Formulario de última voluntad y testamento legal para personas divorciadas que no se han vuelto a casar con hijos menores
Note: This summary is not intended to be an all-inclusive
discussion of the law of wills in Oregon, but does contain basic and other
provisions. A discussion of handwritten wills is not included.
Who may make a will: Any person who is 18 years of
age or older or who has been lawfully married, and who is of sound mind,
may make a will. 112.225
Local law of state selected by testator controlling unless against
public policy: The meaning and legal effect
of a disposition in a will shall be determined by the local law of a particular
state selected by the testator in the instrument of the testator unless
the application of that law is contrary to the public policy of this state.
112.230
Execution of a will: A will shall be in writing
and shall be executed with the following formalities:
(1) The testator, in the presence of each of the witnesses, shall:
(a) Sign the will; or
(b) Direct one of the witnesses or some other person to sign thereon the name
of the testator; or
(c) Acknowledge the signature previously made on the
will by the testator or at the testator's direction.
(2) Any person who signs the name of the testator as provided in subsection (1)(b) of this
section shall sign the signer's own name on the will and write on the will
that the signer signed the name of the testator at the direction of the
testator.
(3) At least two witnesses shall each:
(a) See the testator sign
the will; or
(b) Hear the testator acknowledge the signature on the will;
and
(c) Attest the will by signing the witness' name to it.

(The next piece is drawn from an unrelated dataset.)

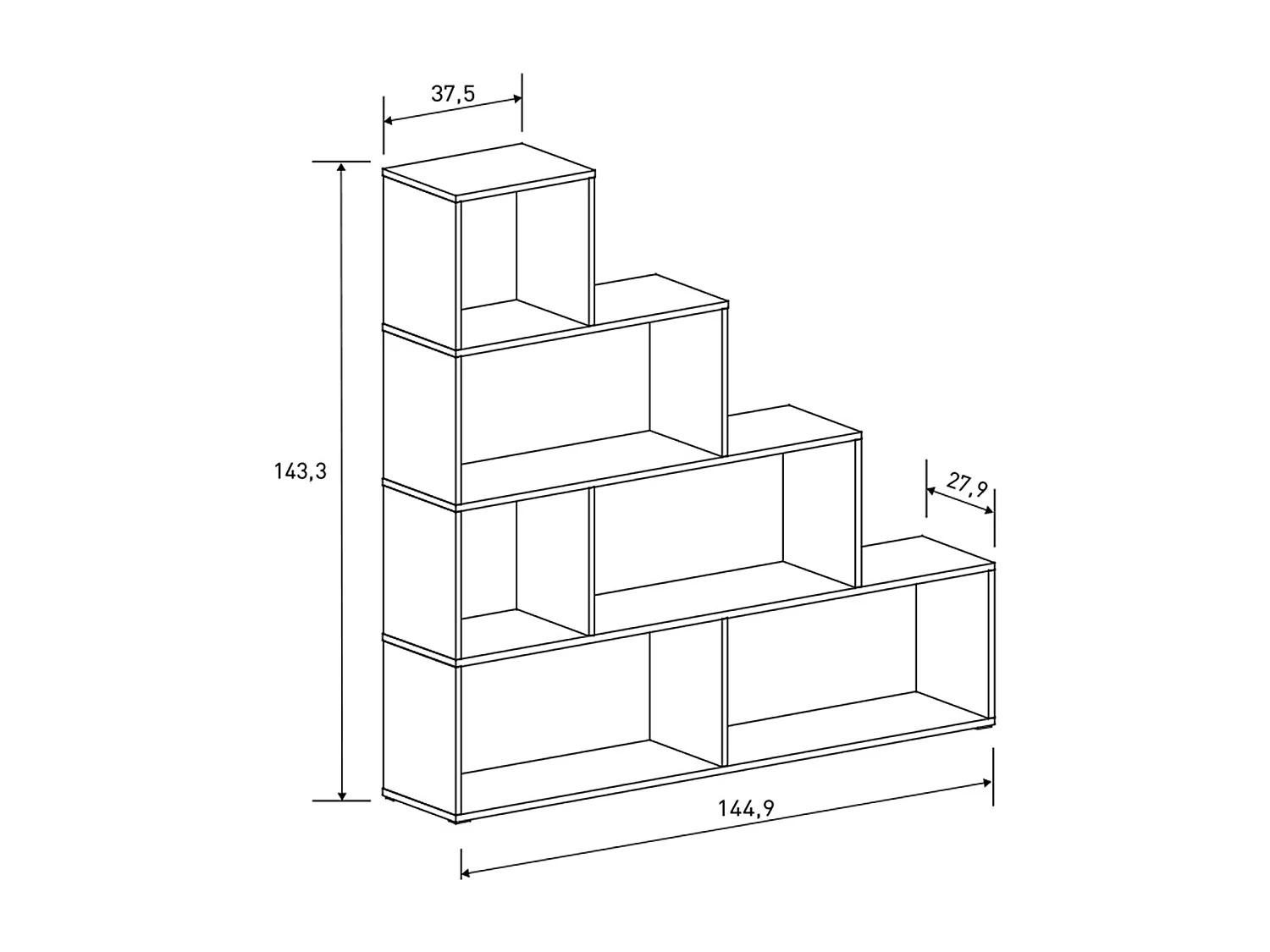 Etagère escalier, meuble étagère avec 6 compartiments coloris chêne Mauvella - Longueur 144,9 x profondeur 27,90  x hauteur 143,30 cm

(4) A will executed in compliance with the Uniform International Wills Act shall be deemed
to have complied with the formalities of this section. 112.235
Witness as beneficiary: A will attested by an
interested witness is not thereby invalidated. An interested witness is
one to whom is devised a personal and beneficial interest in the estate.
112.245
Validity of execution of a will:
(1) A will is lawfully executed if it is in writing, signed by or at the direction of
the testator and otherwise executed in accordance with the law of:
(a) This state at the time of execution or at the time of death of the testator;
or
(b) The domicile of the testator at the time of execution or at the time
of the testator's death; or
(c) The place of execution at the time of execution.
(2)
A will is lawfully executed if it complies with the Uniform International
Wills Act. 112.255
Testamentary additions to trusts:
(1) A devise may be made by a will to the trustee or trustees of a trust, regardless
of the existence, size or character of the corpus of the trust, if:
(a) The trust is established or will be established by the testator, or by
the testator and some other person or persons, or by some other person
or persons;
(b) The trust is identified in the testator's will; and
(c) The
terms of the trust are set forth in a written instrument, other than a
will, executed before, concurrently with, or after the execution of the
testator's will, or in the valid last will of a person who has predeceased
the testator.
(2) The trust may be funded during the testator's lifetime
or upon the testator's death by the testator's devise to the trustee or
trustees. The trust may be a funded or unfunded life insurance trust, although
the trustor has reserved any or all of the rights of ownership of the insurance
contracts.
(3) The devise shall not be invalid because the trust:
(a) Is amendable or revocable, or both; or
(b) Was amended after the execution
of the testator's will or after the death of the testator.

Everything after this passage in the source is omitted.